Mehmet Uluğtürkan / Reflex
50 dekarı bahçe geri kalanı tarla bitkilerinde olmak üzere 650 dekarlık alanda modern tarım teknikleriyle üretim yapıyordu.
6 Şubat 4.17 depreminde evi yıkıldı, canını zor kurtarabildi.
Traktörleri, tarım makineleri, tohumdan ilaca bulundurduğu deposu, hasat ettiği ürünler enkazından altında kaldı.
Mevsimlik tarım işçileri Nurdağı’nı terk etti.
Depremde su kuyusu yön değiş artık su yok. Su taşıyan beton arklar kırıldı. Sulama sistemi yerle bir oldu.
İlçesinde gübre, ilaç, tohum bayisi kalmadı.

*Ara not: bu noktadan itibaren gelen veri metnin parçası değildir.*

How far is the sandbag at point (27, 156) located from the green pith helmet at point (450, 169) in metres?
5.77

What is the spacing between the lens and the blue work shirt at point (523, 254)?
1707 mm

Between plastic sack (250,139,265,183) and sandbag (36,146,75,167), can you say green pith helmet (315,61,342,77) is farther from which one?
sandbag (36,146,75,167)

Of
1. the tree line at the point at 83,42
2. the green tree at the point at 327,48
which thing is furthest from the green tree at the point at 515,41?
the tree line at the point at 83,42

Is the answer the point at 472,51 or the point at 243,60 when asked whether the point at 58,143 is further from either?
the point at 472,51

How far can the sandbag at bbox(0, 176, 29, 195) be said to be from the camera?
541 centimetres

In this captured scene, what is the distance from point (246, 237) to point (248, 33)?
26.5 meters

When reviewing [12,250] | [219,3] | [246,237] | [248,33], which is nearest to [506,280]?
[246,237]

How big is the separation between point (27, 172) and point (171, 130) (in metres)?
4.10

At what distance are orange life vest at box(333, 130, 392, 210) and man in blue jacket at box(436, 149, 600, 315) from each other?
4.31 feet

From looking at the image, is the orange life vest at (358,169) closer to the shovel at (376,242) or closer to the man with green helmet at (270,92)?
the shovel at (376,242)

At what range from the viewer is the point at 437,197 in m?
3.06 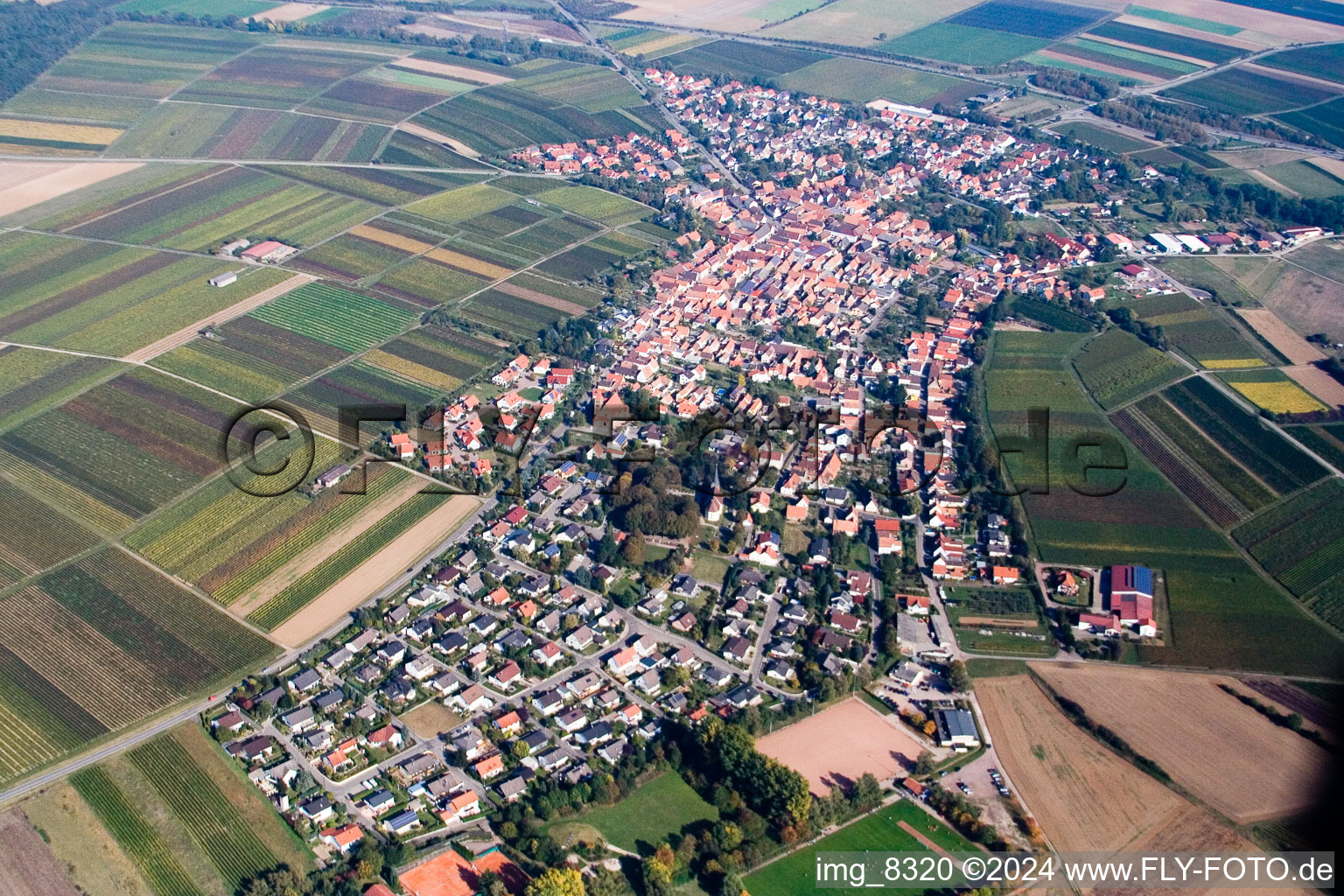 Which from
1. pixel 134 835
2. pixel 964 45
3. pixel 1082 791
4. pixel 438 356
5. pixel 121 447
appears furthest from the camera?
pixel 964 45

Bu durumda Fatih Cihan’a veya benzer durumdaki üreticileri klasik destekleme modeliyle ayağa kaldırabilmek mümkün mü?
Değil.
Peki ne yapılmalı?
Mevcutta uygulanan ekipman hibe programında yüzde 50 hibe oranı daha da yükseltilmeli. Deprem bölgesindeki üreticilerin başvuruları bürokrasi azaltılarak hızla olumlu sonuçlandırılmalı.
Yerli ve yabancı traktörlerde KDV ve diğer tüm vergiler kaldırılmalı. Ziraat Bankası, traktörde marka, model, emisyon kategorisi gözetmeden en az 7 yıl vadeli düşük faizli finansman sağlamalı.

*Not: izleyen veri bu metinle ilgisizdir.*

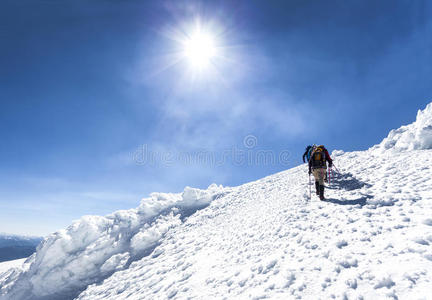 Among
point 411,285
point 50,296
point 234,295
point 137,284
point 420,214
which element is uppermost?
point 420,214

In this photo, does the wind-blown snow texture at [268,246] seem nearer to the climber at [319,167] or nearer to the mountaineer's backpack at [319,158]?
the climber at [319,167]

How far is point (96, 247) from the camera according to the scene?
14297 mm

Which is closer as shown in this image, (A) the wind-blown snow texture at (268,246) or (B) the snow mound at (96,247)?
(A) the wind-blown snow texture at (268,246)

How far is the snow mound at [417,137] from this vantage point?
9.82 meters

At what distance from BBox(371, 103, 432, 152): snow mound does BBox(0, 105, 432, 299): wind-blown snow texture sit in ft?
0.21

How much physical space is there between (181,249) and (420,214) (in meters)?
9.10

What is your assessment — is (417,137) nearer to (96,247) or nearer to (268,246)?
(268,246)

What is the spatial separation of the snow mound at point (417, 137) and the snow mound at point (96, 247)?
12.1 meters

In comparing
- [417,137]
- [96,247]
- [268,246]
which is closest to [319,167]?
[268,246]

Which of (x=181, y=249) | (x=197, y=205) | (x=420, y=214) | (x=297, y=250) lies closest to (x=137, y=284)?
(x=181, y=249)

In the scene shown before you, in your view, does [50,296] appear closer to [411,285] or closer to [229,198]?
[229,198]

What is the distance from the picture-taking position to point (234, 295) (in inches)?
193

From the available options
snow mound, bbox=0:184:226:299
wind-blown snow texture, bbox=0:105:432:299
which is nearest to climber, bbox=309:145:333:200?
wind-blown snow texture, bbox=0:105:432:299

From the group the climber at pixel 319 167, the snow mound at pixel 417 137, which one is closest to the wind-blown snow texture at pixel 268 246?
the snow mound at pixel 417 137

Basınçlı sulama sistemi yaşanacak kuraklıkla daha önemli hale geldi. Bu çerçevede ihtiyaç duyulan sistemin sübvanse edilecek faiziyle finansmanı minimum 10 yıllık vadeyle üreticiye ulaştırılmalı.
Mazot, yem, tohum, gübre ve ilaçta Tarım Kredi Kooperatifi ve Ziraat Bankası kredi desteği artırılmalı, kamunun bu alanlardaki hibe desteği artırılmalı.

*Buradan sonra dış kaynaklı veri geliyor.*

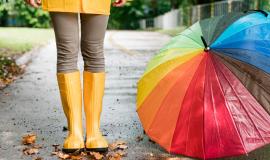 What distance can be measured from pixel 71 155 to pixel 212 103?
1.07m

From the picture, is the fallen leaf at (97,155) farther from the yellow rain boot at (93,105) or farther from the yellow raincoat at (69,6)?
the yellow raincoat at (69,6)

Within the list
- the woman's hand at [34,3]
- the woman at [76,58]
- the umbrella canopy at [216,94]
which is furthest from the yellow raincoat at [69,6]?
the umbrella canopy at [216,94]

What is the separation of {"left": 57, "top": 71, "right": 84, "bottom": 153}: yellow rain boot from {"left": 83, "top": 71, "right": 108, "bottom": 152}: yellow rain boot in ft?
0.23

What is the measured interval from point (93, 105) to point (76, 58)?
369mm

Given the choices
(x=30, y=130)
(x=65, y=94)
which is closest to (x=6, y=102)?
(x=30, y=130)

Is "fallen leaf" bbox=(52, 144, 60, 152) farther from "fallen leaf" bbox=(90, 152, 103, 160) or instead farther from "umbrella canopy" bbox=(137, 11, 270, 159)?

Afetten zarar görenlere bu desteklerin verilmemesi durumunda bölgede tarım kendi imkanlarıyla ayağa kalkabilir mi?
Mümkün değil.
11 kentte binlerce tarım işletmesi ekonomi yönetiminden daha hızlı, klasik desteklemenin ötesinde yardım bekliyor.
Kuraklığın gıda güvenliğinde yeni sorunlar yaşatacağı konuşulan bir dönemde depremzede çiftçiyi üretiyor hale getiremeyen Türkiye daha büyük bir sıkıntı yaşamak istemiyorsa radikal adım atmalı.
Ama vakit kaybetmeden.
Zira toprak, ne ekim ne hasat tarihini değiştirebiliyor.